Dewan Perwakilan Rakyat

Dewan Perwakilan Rakyat adalah majelis rendah dari Majelis Parlemen Federal Ethiopia, didirikan setelah adopsi konstitusi 1995 yang menciptakan Republik Demokratik Federal. Ini adalah badan legislatif utama negara, dengan anggota yang dipilih langsung untuk mewakili daerah pemilihan selama masa jabatan lima tahun.

Komisi Dialog Nasional

Komisi Dialog Nasional adalah badan pemerintah Ethiopia yang dibentuk pada tahun 2021 untuk memfasilitasi percakapan nasional yang bertujuan menyelesaikan konflik politik, etnis, dan sosial yang mendalam di negara itu.
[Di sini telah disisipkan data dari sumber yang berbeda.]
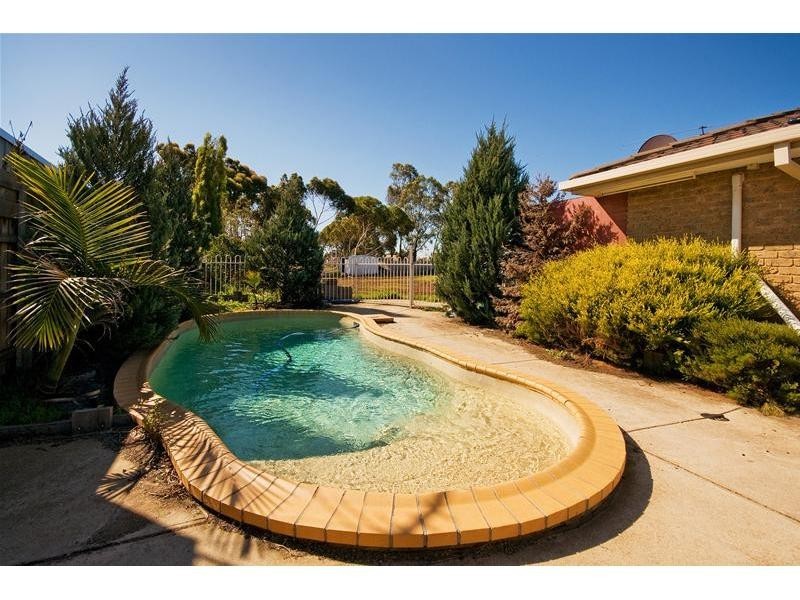 38 Wynarka Drive, Hoppers Crossing VIC 3029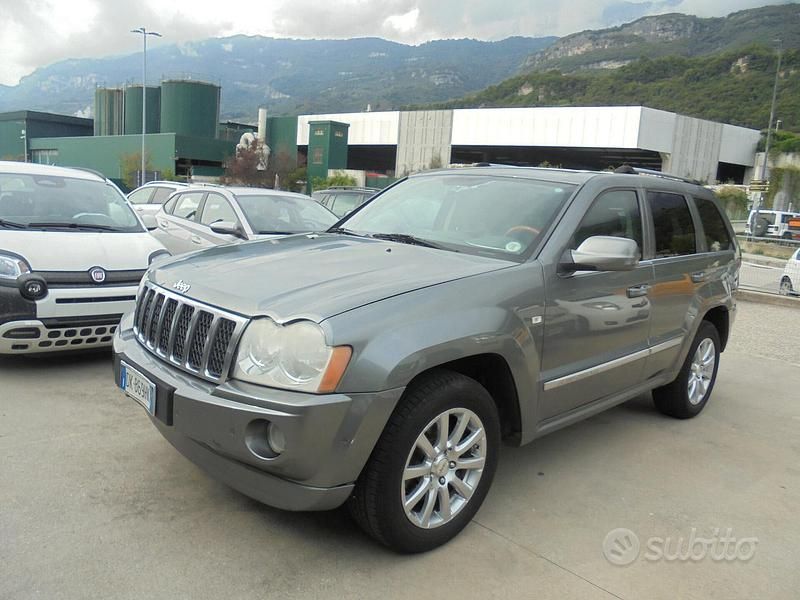 Usata Jeep Grand Cherokee Limited 218 CV (160 kW) 2007 Grigio SUV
Komisi ini dibentuk sebagai tanggapan atas tahun-tahun kerusuhan luas dan perang saudara, dengan tujuan menciptakan platform untuk diskusi inklusif di antara berbagai pemangku kepentingan untuk mendorong rekonsiliasi nasional dan membangun konsensus tentang masa depan negara.

Tigray

Tigray adalah wilayah bersejarah di Ethiopia utara, secara luas dianggap sebagai tempat lahir peradaban Ethiopia kuno. Ini adalah jantung Kekaisaran Aksum (c. 100–940 M), kekuatan perdagangan utama, dan terkenal dengan banyak gereja pahat batunya, beberapa berasal dari abad ke-4. Wilayah ini memiliki identitas budaya dan bahasa yang berbeda dan telah menjadi lokasi konflik signifikan baru-baru ini.

Tanduk Afrika

Tanduk Afrika adalah semenanjung besar di Afrika Timur Laut, terdiri dari negara-negara Somalia, Ethiopia, Eritrea, dan Djibouti. Ini adalah salah satu wilayah berpenghuni tertua yang dikenal di dunia, dengan peradaban kuno seperti Tanah Punt dan Kekaisaran Aksum membentuk sejarah awalnya. Wilayah ini telah lama menjadi persimpangan perdagangan dan budaya, tetapi di era modern, ditandai dengan konflik geopolitik dan krisis kemanusiaan yang berulang.